Design for a fallible world
As control engineers, we tend to think that keeping the process running is our only job, but just because the process is operating doesn't mean that the plant is operating. A larger issue also needs to be addressed when using IT systems in manufacturing operations. That issue is a system architecture designed for IT failures.
As control engineers, we tend to think that keeping the process running is our only job, but just because the process is operating doesn’t mean that the plant is operating. A larger issue also needs to be addressed when using IT systems in manufacturing operations. That issue is a system architecture designed for IT failures.
The need for a robust system architecture was made obvious in 2003 when the MSBlast and LoveBug worms shut down IT systems around the world. These events revealed two types of manufacturing companies; those that continued production and those that had to shut down because of the worms or the IT response to the worms. Some companies were able to “raise the drawbridge” and continue production by disconnecting their operational systems from their business systems. Other companies could not separate their business and operational systems and had to shut down production. These responses illustrated the difference between tightly coupled systems and loosely coupled systems and between global systems and local systems.

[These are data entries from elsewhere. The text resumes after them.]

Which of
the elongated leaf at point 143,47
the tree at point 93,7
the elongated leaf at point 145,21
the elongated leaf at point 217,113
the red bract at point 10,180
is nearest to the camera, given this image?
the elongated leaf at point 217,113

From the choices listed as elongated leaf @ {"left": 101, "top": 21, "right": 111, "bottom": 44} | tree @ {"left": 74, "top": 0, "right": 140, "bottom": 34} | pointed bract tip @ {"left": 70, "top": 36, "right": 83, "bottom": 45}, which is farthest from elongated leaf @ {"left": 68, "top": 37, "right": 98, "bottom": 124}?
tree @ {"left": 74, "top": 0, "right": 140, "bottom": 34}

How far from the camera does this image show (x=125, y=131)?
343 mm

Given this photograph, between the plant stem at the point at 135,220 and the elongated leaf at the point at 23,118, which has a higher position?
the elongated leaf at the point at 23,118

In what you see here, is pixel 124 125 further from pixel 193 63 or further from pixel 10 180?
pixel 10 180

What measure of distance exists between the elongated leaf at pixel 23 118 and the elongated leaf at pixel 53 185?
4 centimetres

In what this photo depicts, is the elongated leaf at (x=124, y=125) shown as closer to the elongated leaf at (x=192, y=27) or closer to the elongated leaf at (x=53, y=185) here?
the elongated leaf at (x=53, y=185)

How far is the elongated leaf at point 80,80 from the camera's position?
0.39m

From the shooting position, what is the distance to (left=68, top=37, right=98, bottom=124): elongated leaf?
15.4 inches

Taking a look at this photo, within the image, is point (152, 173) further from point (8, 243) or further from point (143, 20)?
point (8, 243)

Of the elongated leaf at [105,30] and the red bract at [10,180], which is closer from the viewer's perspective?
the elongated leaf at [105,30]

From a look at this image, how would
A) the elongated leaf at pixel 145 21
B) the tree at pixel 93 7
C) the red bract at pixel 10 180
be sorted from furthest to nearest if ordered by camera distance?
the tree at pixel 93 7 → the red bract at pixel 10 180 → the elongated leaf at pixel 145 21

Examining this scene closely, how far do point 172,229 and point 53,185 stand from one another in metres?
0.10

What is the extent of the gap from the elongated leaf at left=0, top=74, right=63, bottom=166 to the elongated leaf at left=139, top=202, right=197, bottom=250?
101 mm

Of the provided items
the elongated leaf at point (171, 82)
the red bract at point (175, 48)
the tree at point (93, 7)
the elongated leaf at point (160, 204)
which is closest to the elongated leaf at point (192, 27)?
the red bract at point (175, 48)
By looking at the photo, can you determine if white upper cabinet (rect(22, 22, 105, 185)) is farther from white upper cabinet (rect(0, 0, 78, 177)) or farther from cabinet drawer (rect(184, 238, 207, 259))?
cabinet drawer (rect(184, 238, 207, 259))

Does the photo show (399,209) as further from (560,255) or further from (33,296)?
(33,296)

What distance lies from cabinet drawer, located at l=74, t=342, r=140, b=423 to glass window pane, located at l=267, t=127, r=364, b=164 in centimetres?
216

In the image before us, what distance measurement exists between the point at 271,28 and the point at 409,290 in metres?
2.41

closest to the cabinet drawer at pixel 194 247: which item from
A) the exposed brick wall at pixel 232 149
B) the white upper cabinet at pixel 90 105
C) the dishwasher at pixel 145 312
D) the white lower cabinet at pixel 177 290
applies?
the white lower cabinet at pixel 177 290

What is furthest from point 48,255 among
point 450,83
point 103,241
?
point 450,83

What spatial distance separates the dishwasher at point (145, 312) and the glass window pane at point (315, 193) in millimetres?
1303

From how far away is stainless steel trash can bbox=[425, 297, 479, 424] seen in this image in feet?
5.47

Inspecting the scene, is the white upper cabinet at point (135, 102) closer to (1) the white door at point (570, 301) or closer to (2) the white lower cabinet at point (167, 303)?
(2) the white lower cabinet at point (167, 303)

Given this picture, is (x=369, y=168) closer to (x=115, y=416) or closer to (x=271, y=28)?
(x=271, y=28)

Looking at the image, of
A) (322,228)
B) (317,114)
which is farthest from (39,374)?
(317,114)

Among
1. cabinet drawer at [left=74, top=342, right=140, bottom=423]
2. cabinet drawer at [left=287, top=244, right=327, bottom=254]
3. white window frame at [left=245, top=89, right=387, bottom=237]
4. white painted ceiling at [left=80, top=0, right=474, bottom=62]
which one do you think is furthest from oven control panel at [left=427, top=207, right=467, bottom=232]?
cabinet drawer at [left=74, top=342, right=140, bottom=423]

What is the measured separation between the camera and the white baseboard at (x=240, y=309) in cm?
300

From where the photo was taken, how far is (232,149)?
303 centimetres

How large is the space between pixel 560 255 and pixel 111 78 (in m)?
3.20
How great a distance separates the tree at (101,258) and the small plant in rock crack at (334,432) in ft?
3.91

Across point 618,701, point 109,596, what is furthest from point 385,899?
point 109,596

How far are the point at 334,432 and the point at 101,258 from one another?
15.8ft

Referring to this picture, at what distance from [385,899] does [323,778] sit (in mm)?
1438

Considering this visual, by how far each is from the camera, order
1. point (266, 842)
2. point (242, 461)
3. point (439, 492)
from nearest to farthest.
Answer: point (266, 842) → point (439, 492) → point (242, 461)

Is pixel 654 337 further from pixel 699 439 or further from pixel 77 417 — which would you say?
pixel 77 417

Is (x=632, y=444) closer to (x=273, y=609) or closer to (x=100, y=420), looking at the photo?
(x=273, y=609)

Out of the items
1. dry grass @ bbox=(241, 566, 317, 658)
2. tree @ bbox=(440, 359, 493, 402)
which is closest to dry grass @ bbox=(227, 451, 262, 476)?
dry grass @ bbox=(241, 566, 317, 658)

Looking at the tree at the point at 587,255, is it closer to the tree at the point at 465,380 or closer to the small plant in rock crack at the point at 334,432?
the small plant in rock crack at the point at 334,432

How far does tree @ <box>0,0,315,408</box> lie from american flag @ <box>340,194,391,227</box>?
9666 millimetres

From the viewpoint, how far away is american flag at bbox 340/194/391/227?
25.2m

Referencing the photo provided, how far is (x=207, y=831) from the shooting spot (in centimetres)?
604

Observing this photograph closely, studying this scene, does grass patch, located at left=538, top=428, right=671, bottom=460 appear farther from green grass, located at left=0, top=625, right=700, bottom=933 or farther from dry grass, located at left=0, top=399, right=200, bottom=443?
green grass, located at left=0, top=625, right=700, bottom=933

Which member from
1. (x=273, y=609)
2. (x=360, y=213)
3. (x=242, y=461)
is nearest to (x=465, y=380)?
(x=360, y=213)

Many IT departments have an unspoken bias to tightly coupled global systems because such systems are generally easier to build and maintain. For example, maintaining a single global instance of a document management system is easier than maintaining one instance per site. In addition, if connections are needed to other systems, it is easier to hardcode a tight synchronous connection than design and implement a standard-based asynchronous connection.

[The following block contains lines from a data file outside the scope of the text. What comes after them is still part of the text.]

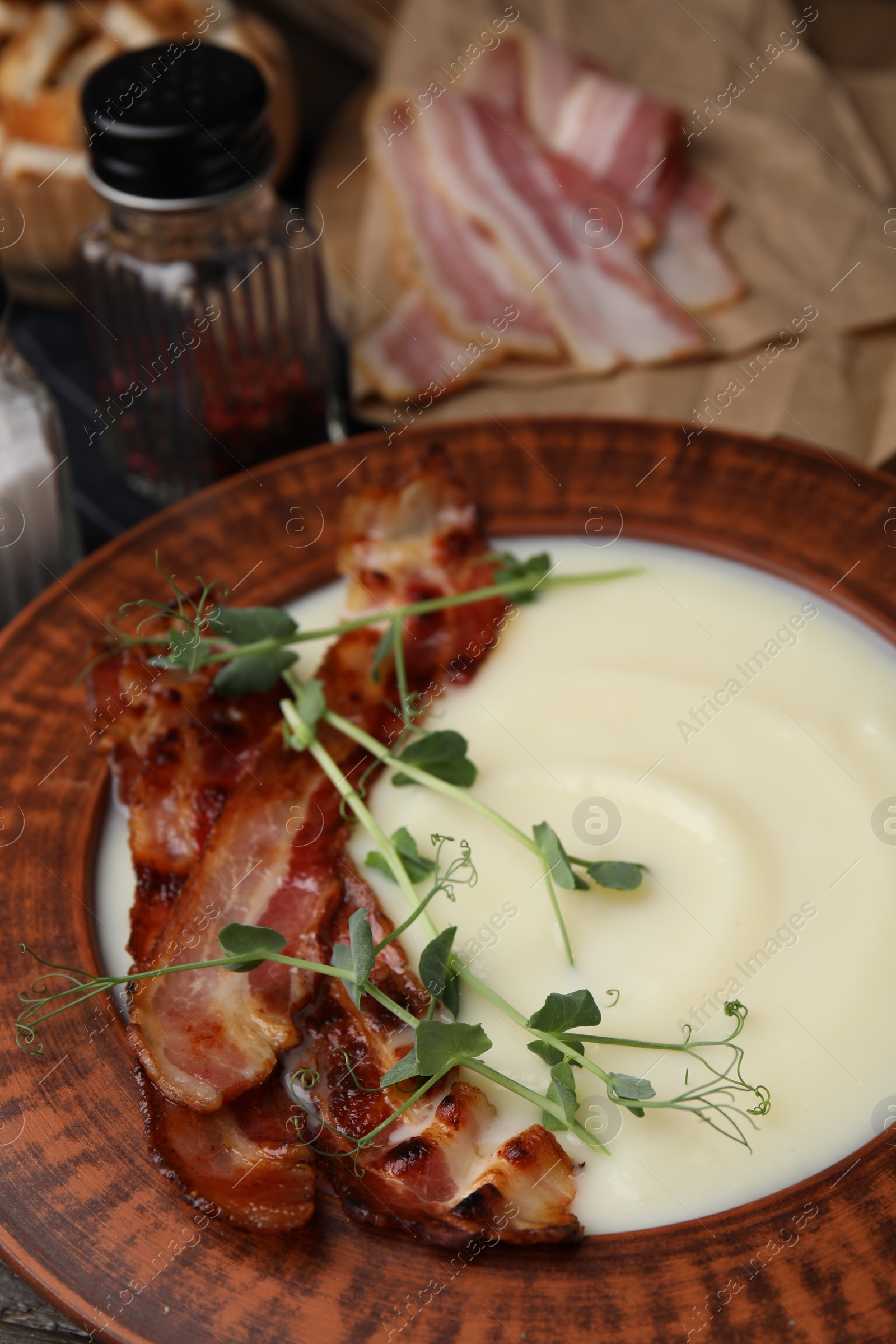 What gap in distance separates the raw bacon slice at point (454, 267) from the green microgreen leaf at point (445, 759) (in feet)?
4.28

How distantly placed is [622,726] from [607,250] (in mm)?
1447

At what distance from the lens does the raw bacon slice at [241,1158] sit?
1430 mm

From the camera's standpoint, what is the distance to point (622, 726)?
192 centimetres

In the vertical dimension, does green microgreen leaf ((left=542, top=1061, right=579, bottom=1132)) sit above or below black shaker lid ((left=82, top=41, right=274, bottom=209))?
below

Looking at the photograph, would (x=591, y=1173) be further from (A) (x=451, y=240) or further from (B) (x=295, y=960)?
(A) (x=451, y=240)

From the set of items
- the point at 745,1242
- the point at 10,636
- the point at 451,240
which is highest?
the point at 451,240

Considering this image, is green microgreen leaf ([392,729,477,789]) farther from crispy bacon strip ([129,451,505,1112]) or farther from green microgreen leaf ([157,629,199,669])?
green microgreen leaf ([157,629,199,669])

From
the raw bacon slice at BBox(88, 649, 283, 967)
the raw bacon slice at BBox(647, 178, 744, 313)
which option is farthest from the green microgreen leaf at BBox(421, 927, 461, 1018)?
the raw bacon slice at BBox(647, 178, 744, 313)

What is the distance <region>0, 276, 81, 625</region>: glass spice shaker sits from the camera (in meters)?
2.32

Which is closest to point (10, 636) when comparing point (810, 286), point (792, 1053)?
point (792, 1053)

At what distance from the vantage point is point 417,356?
2.89 metres

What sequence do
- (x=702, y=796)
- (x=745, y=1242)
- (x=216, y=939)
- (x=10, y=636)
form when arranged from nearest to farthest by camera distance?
(x=745, y=1242) < (x=216, y=939) < (x=702, y=796) < (x=10, y=636)

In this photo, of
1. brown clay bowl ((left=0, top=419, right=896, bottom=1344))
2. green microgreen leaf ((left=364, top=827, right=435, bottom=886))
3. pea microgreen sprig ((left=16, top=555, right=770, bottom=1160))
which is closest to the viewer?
brown clay bowl ((left=0, top=419, right=896, bottom=1344))

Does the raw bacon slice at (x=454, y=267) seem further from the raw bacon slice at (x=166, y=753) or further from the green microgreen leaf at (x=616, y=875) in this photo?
the green microgreen leaf at (x=616, y=875)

When everything is working, tightly coupled global systems are fine, but when things go wrong, the effect can be catastrophic. The best approach to system design should be to emulate the well-known saying, “Expect the best, but plan for the worst.”
Companies that require absolutely reliable systems, such as banks and other financial institutions, will often set up separate servers, networks, and support organizations for the critical systems. These are separate from the normal business systems supporting HR, purchasing, and logistics. This same approach is required for manufacturing companies when the IT systems are critical to maintaining plant operations.
One of the first steps in this approach is to identify the systems critical to operations. Every system in use by operations needs to be examined. For example, if a company is using a centralized configuration management server for controlling all changes to PLC code, then when that system becomes unavailable, the maintenance group may be unable to make any emergency maintenance changes in PLC code during an IT outage. Another example of a critical system may be a global license manager that grants right-to-use for software packages. If an IT outage occurs, then users may be unable to access displays, reports, or recipe management systems because they can’t obtain the right-to-use license.
When designing manufacturing systems to withstand IT failure, a good approach is to use local systems instead of global systems. This eliminates outages because of WAN failures, which were a major cause of plant shutdowns during the MSBlast attack. Multiple local systems are more expensive to maintain, but are much more robust in the face of failures.
Another good approach for designing robust systems is to use system interfaces that are asynchronous and buffered. This approach allows for temporary loss of communications or system failures, without causing cascaded system failures. Interfaces based on messaging systems are especially robust in the face of network and application failures. These interfaces should be the default choice for systems that do not need real-time synchronous communication.
Fortunately, not all solutions to robust operations in the face of IT outages need to be technology oriented. Phone lists and faxes can be used to collect critical decision information, and paper backup systems can be used to record critical information. However, the worst situation is to design an operational system based on the assumption that there will be no failures in network infrastructure or in IT applications.